Organ donor offers pour in for Chesterfield man

Donor offers pour in for Chesterfield man

RICHMOND, VA (WWBT) - Organ donation offers continue to come in after William “Woody” Johnson’s urgent plea, for a kidney.

Around 40 calls have come into VCU’s Hume-Lee Transplant Center from people who are willing to get tested to see if they are a potential donor.

Carol Pride says she can recall her son’s exact words when he received the devastating diagnosis that he has a kidney disease linked to high blood pressure.

"His exact words to me that day was that he had been given a death sentence, and then he just shut down and he just cried most of the day,” Pride said.

Dr. Layla Kamal, transplant Nephrologist at Hume-Lee Transplant Center, says living organ donations are important by helping to save a life.

“They would change a life. It’s an heroic act and during the whole process we make sure that they are safe and they’re well informed,” Kamal said.

According to the experts at VCU, the process for testing takes four or five hours and is painless.
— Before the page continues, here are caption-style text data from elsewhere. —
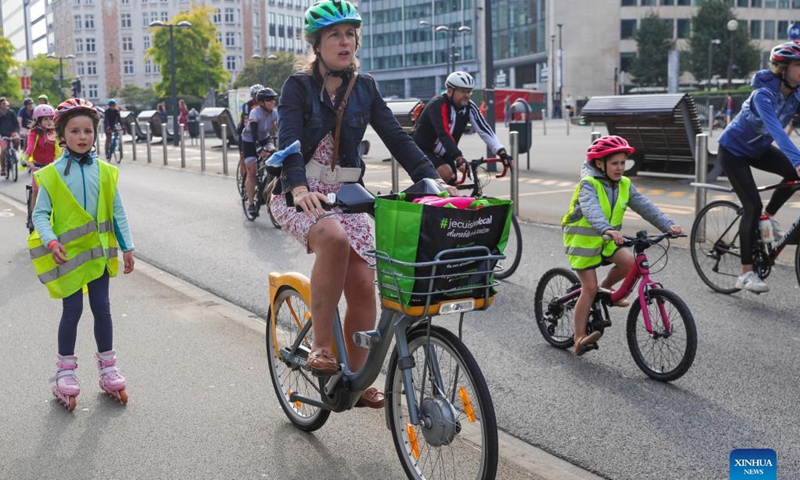 People ride bikes on Car Free Sunday in Brussels, Belgium, Sept. 19, 2021. The Car Free Sunday is valid for the public, except taxis, journey buses, emergency services, police and persons with a special permit. The whole Brussels Region is closed for traffic from 9:30 a.m. till 7 pm.  Photo: Xinhua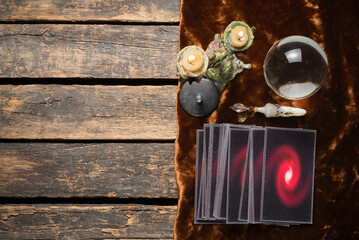 Tarot cards and crystal ball on the old fortune teller desk table background. Future reading concept.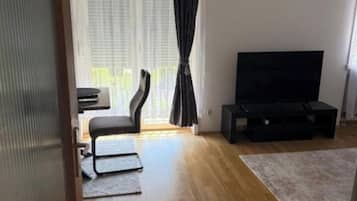 Una sala de estar con televisión de pantalla plana, un sofá, una mesa de centro y un ventanal con cortinas.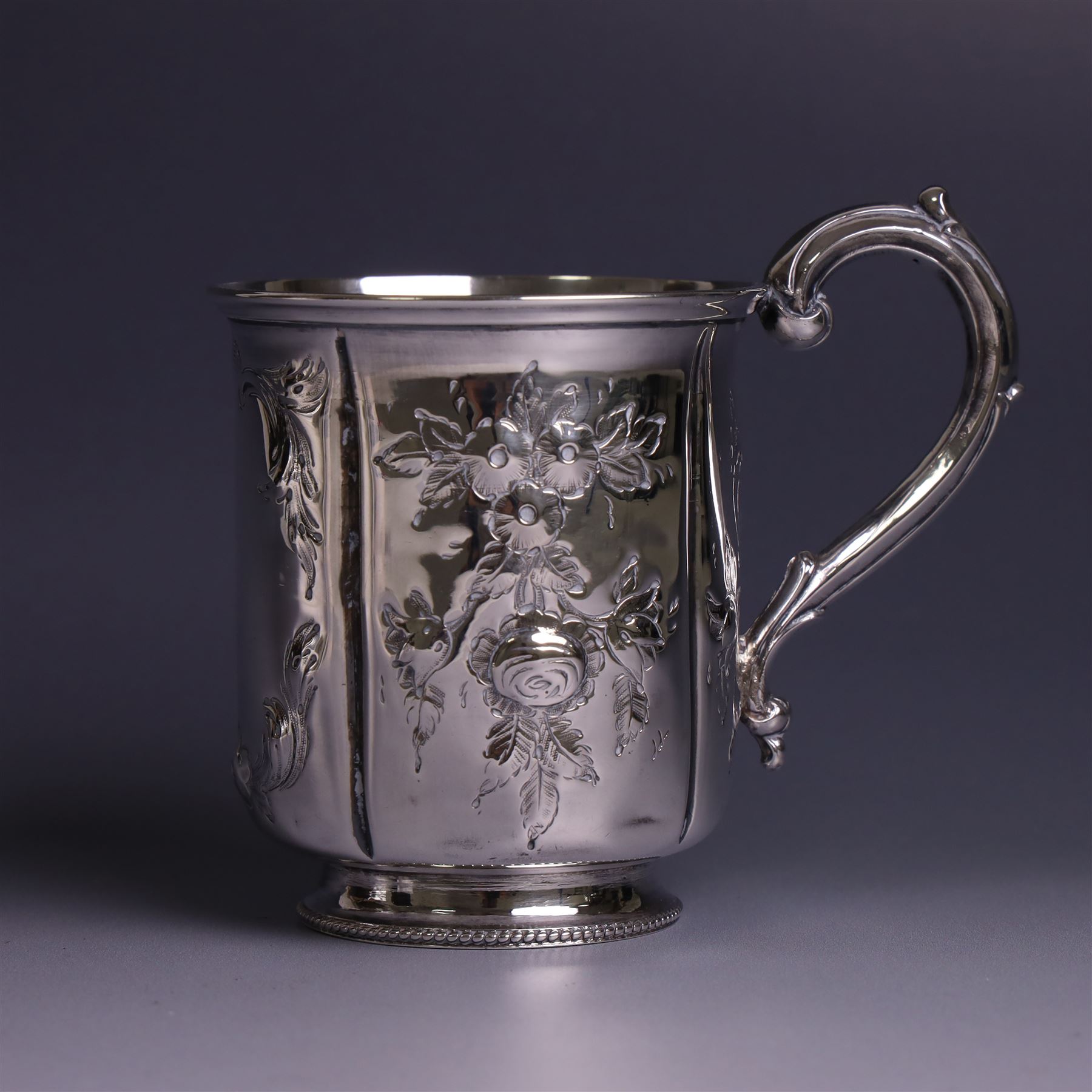 Victorian silver christerning mug, of cylindrical form with four panels of embossed floral decoration, hallmarked H J Lias & Son, London 1876, H10cm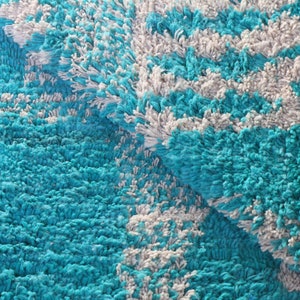 May include: A thick, shaggy rug featuring a high-pile texture with a repeating pattern of vibrant turquoise and soft white yarn. The rug is folded over, revealing the dense, tufted construction and the consistent colour distribution throughout.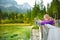 Cute little girl enjoying the view of wonderful green waters of Hintersee lake. Amazing autumn landscape of Bavarian Alps on the A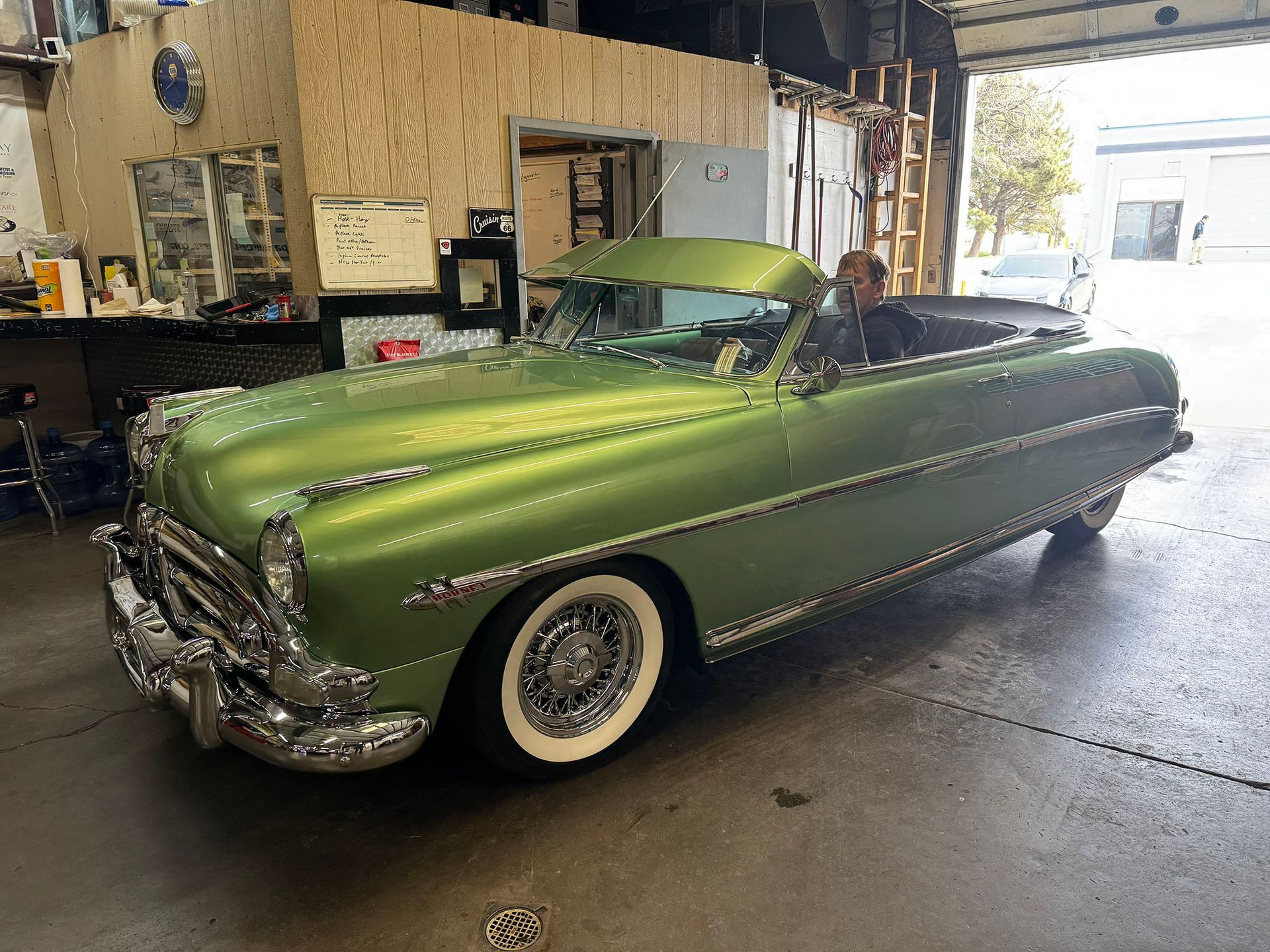 A metallic lime-green classic convertible parked inside an auto shop with a person sitting in the driver’s seat.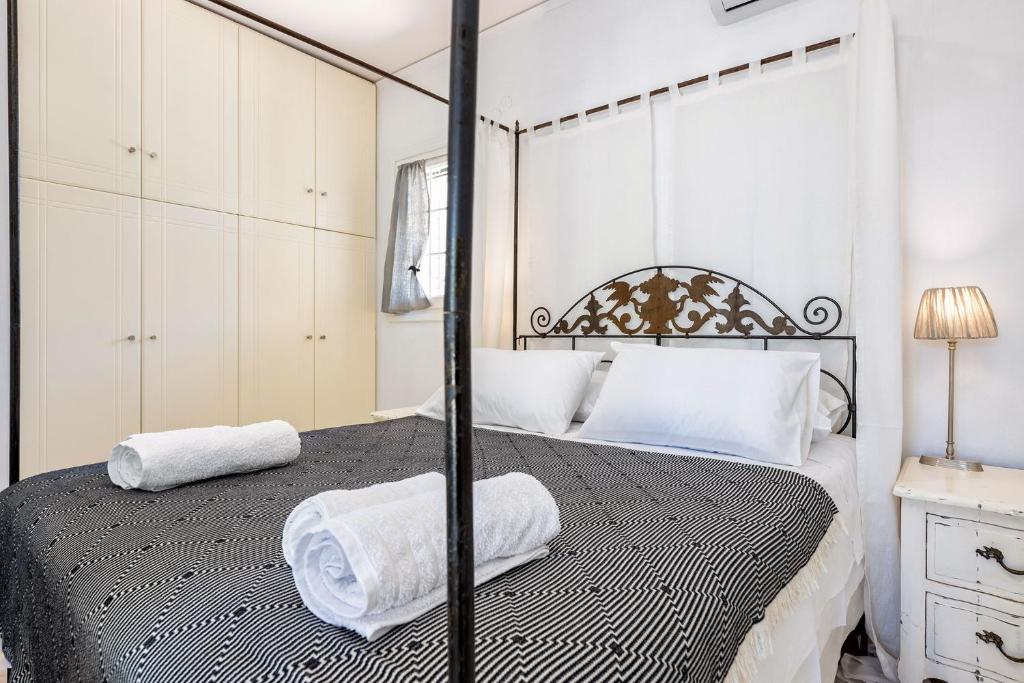A bed or beds in a room at Daphne's Lux Villa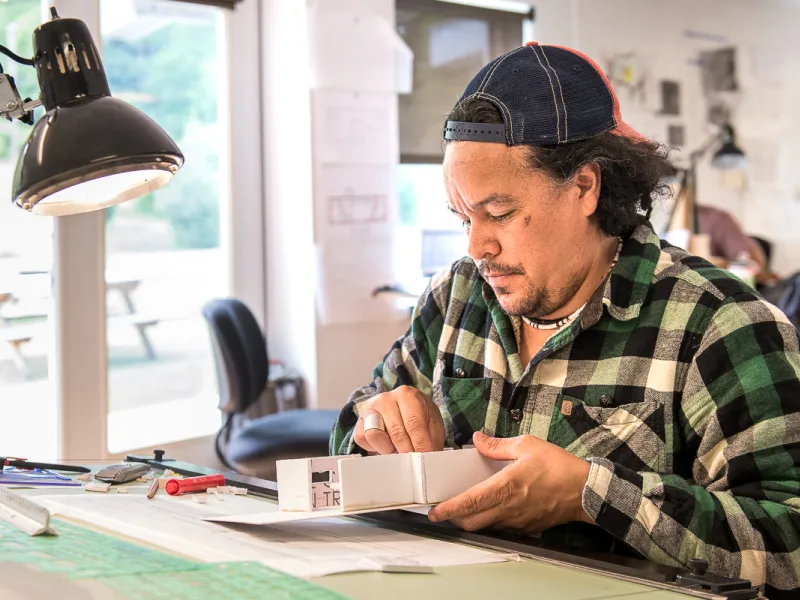 A student sitting at a drafting table and building an architectural model. 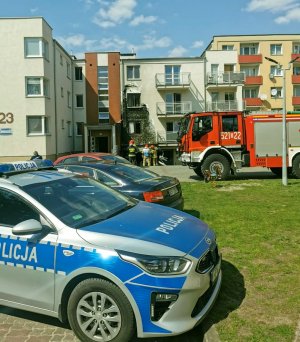 radiowóz policyjny, samochody osobowe i wóz strażacki stojące przed budynkami mieszkalnymi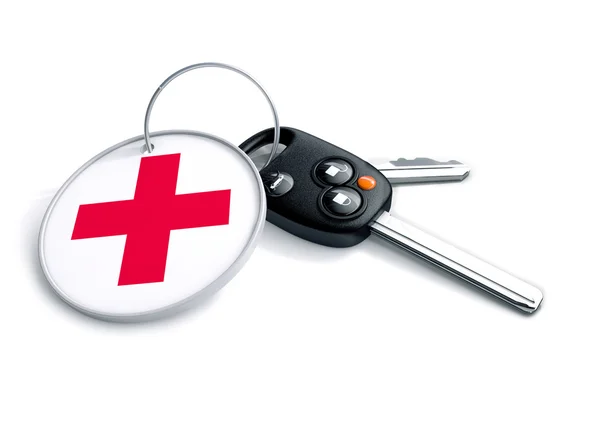 Car keys with keyring and medical sign. — Stock Photo, Image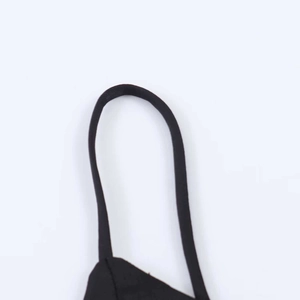 Detailed view of stitching and texture on an asymmetric black satin camisole strap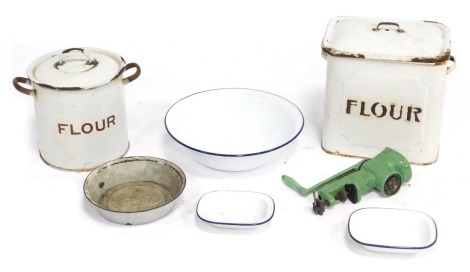 A group of enamel wares, comprising two flour tins, and two enamel bowls, mincer, etc. (a quantity)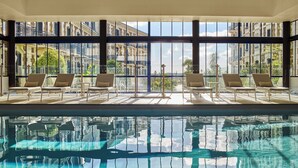 Una piscina interior con paredes de vidrio transparente, sillones de descanso y vistas de edificios circundantes.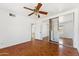 Bright bedroom with parquet floors, ceiling fan, and mirrored closet at 1238 E Cambridge Ave, Phoenix, AZ 85006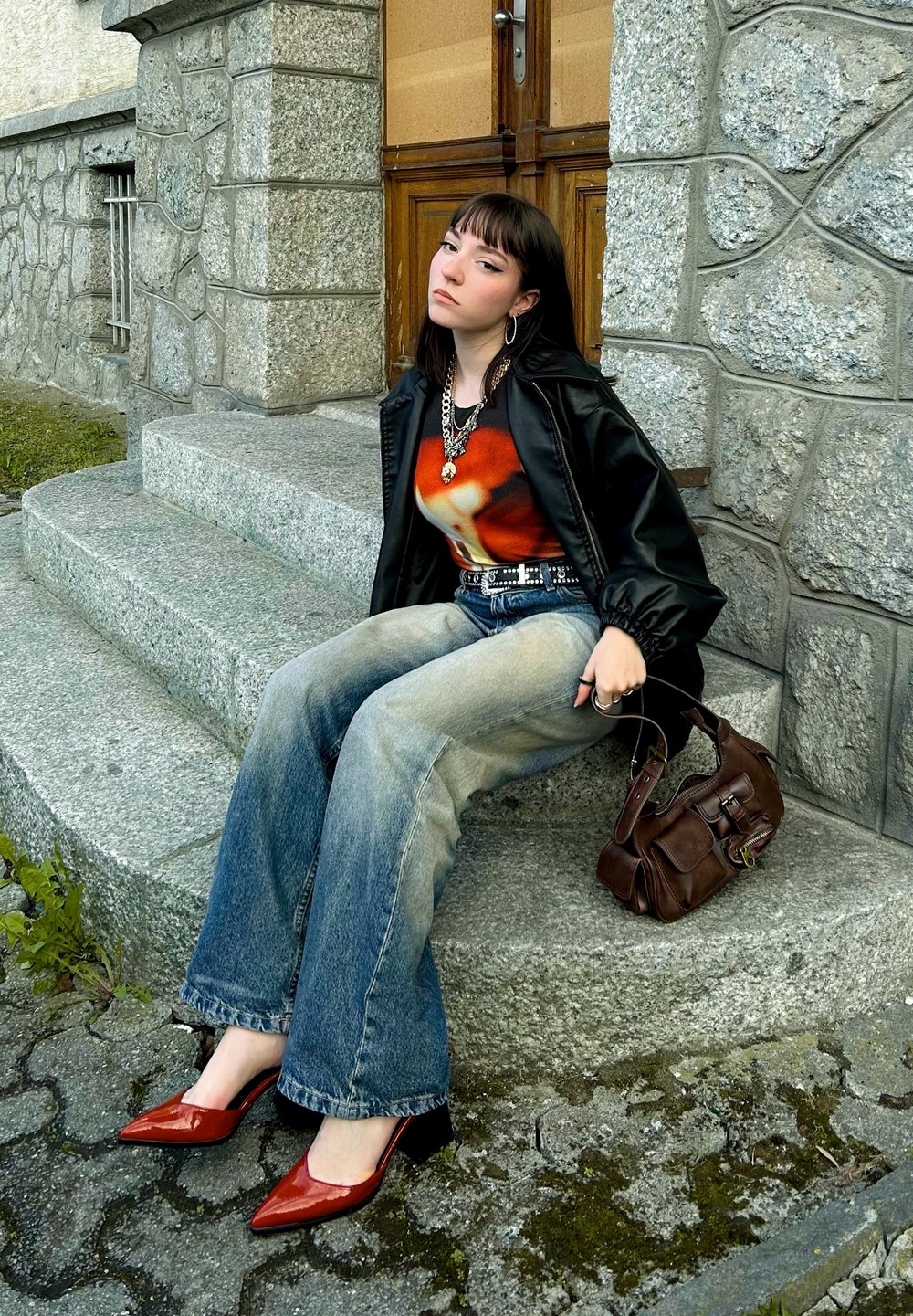 Μαύρο κοντό σακάκι, τοπ με κόκκινες και πορτοκαλί διακοσμήσεις, ανοιχτό μπλε καμπάνα τζιν, κόκκινες μυτερές γόβες και καφέ τσάντα σε γκρίζες πέτρινες σκάλες.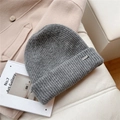Detalle del gorro de punto acanalado gris con etiqueta metálica sobre fondo beige - Talla única / Gris claro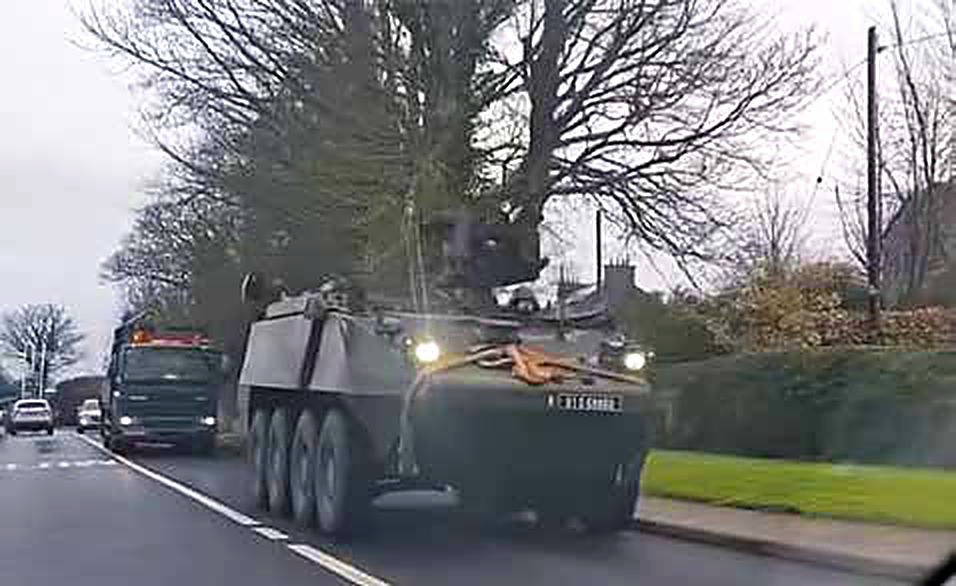 An armoured Defence Forces vehicle being escorted on an Irish road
Doctors gather your medical history and blood work to rule out any infections and administer a CT Scan.

Even if you are not a match, your organ donation could save someone else’s life. Doctors say living organ donations out perform deceased donor organs, and they can schedule the surgery when the recipient is at his or her best health.

“We have less complications in general. Half of the time when you get a kidney from somebody who died, the kidney doesn’t work right away. This can lead to other complications. And the other thing that can happen also, they can have high risk for rejection that we don’t see with live donors. On average a kidney from a live donor can last twice as much as a kidney that comes from someone who has died which is huge, which is great. It’s more viable. It has a better quality," Kamal said.

Johnson remains hopeful and says, “I’d be really grateful, but I couldn’t thank anybody enough if I ever got a kidney.”

Of the 40 calls from people wanting to donate a kidney, doctors have spoken with 29 of the 40.

Four are scheduled for testing. One has completed half of the test and is not a match, but is still willing to give a kidney. That means Johnson can get a kidney from someone else, in the event that no match is found among the current offers.